Вздрогнув, Ольга отвела взгляд от зависшего у них над головами громадного летательного аппарата и посмотрела на молодого Филиппа, который возился с тросами на безукоризненно чистом цементном полу. Потом взглянула на свои руки, умелые руки опытного химика.
— Ольга, — мягко произнес Йене и незаметно коснулся ее плеча, когда никто не смотрел в их сторону. — Ты не виновата. У тебя нет выбора. Как и у всех нас.
Она устремила на него безрадостные голубые глаза.
— Так ли, Йене?

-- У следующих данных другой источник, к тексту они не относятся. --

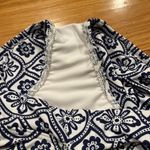 Lands' End Lands’ End womens blue /white swim mini skirt size 4. Photo 4
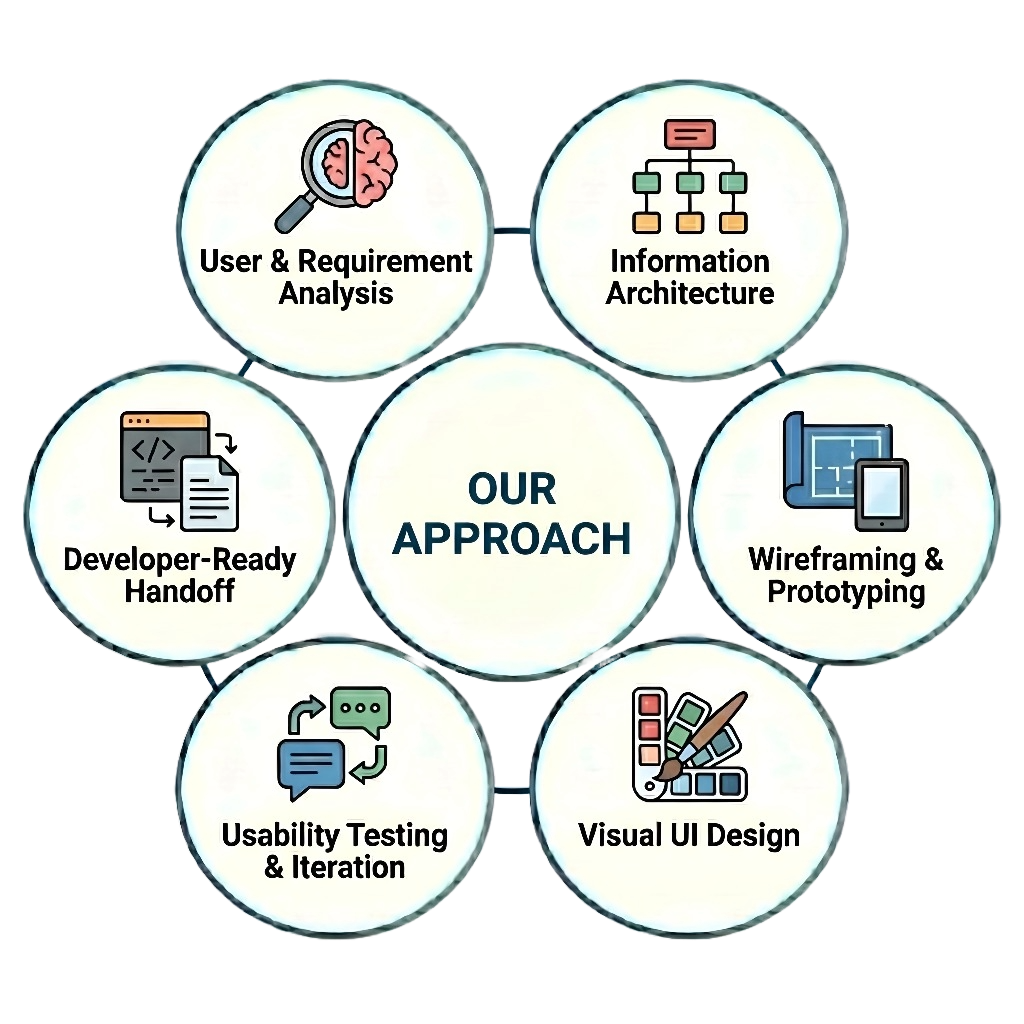 UI UX USE CASES UI UX USE CASES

Неужели это действительно так?
Колоссальный ангар своими поразительными размерами и сложной конструкцией напоминал гигантский храм. Его потолок возвышался над их головами, точно новое рукотворное небо, только внутри этого мира не светило солнце. Инженеры и ученые, которые деловито принялись за работу, казались внутри этого исполинского сооружения крошечными рабочими муравьями.
Сегодня Йенсу предстояло восстановить спусковые механизмы на газовых контейнерах и установить крепежи нового образца на нижней части стоящих в соседнем ангаре бипланов. Вес каждого из бипланов имел принципиальное значение для равновесия дирижабля, поэтому ему было необходимо выверить свои расчеты с идеальной точностью. За ним постоянно наблюдали. И не только охранники, которые сновали до ангару с винтовками за спинами и, чтобы хоть как-то согреться, хлопали себя руками по ребрам, но и другие. Ему не было известно, кто эти люди и чем они занимаются. Их было двое, седовласые наблюдатели с тощими лицами, облаченные в неизменные черные костюмы. Фриис называл их «черные вдовы», потому что они медленно расхаживали по всему ангару и внимательно, как ядовитые пауки, следили за всем, что происходит.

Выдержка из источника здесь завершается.